Work request
From the first line of the data down to the line bearing "An expressive abstract", output every line exactly and include no pictures.

Saved data entries:
===

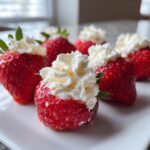 Several bright red cheesecake stuffed strawberries topped generously with fluffy white whipped cream, served on a white plate.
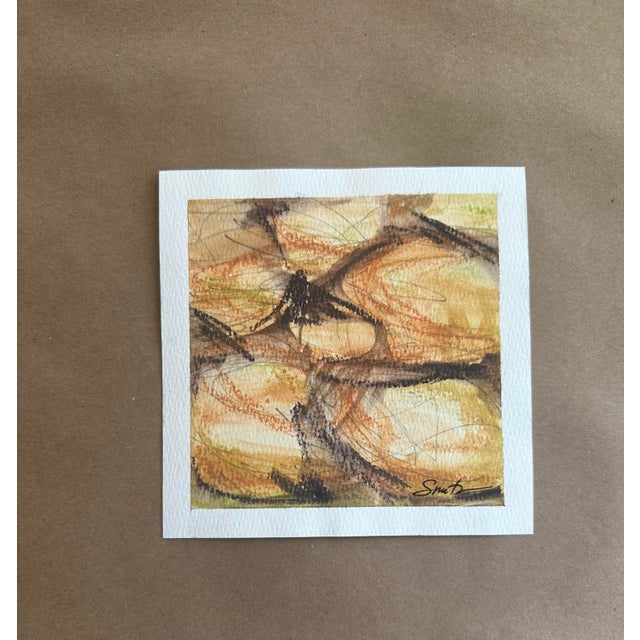 An expressive abstract study layered with warm ochres, sienna tones, and gestural charcoal-like marks. Organic movement...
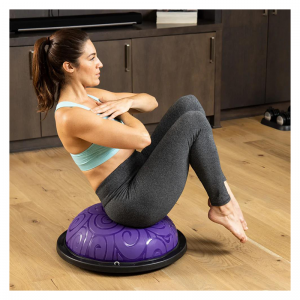 Strength Training Equipment- (300*300)- Woman using the Purple Bosu Ball to perform a seated oblique twist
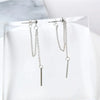 Close-up of long tassel earrings with textured metal chain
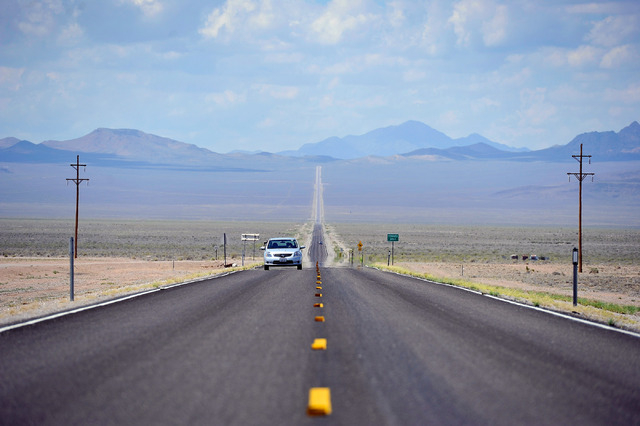 Motorists travel along state route 375 or the Extraterrestrial Highway, near the desert town of Rachel, Nev. on Tuesday, Aug. 5, 2014. Rachel is the nearest town to the super secret military base, ...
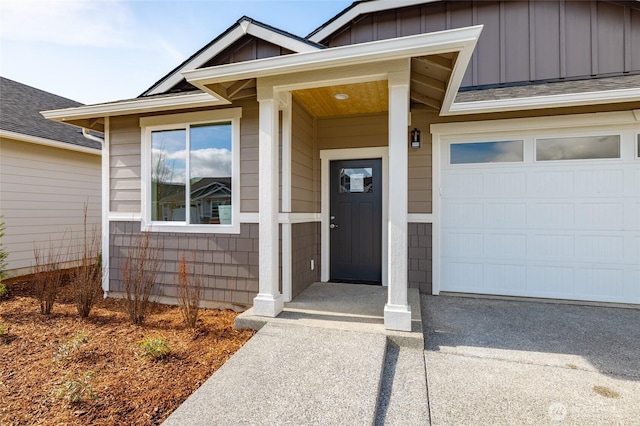 view of exterior entry with board and batten siding and a shingled roof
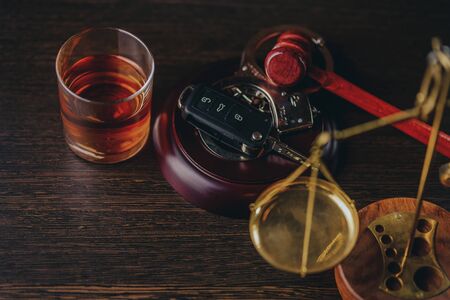 Whiskey with car keys and handcuffs. Concept for drinking and drivingの写真素材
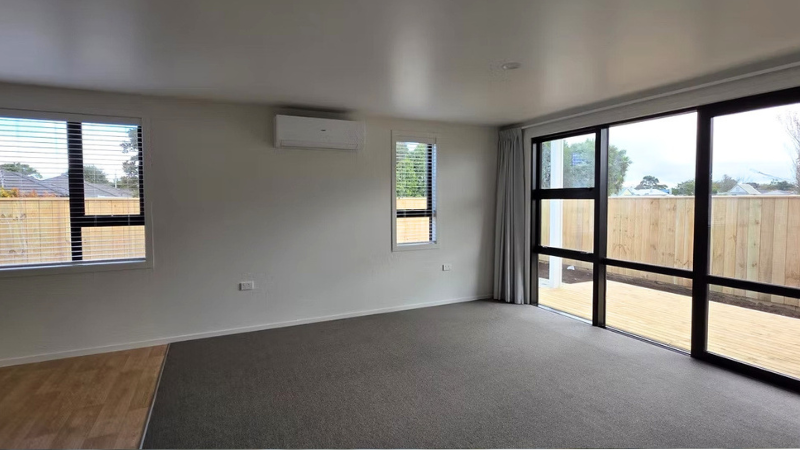Open-plan living area with aluminium sliding doors and large windows in multi-residential development New Zealand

===

Answer space
 Several bright red cheesecake stuffed strawberries topped generously with fluffy white whipped cream, served on a white plate.
 An expressive abstract study layered with warm ochres, sienna tones, and gestural charcoal-like marks. Organic movement...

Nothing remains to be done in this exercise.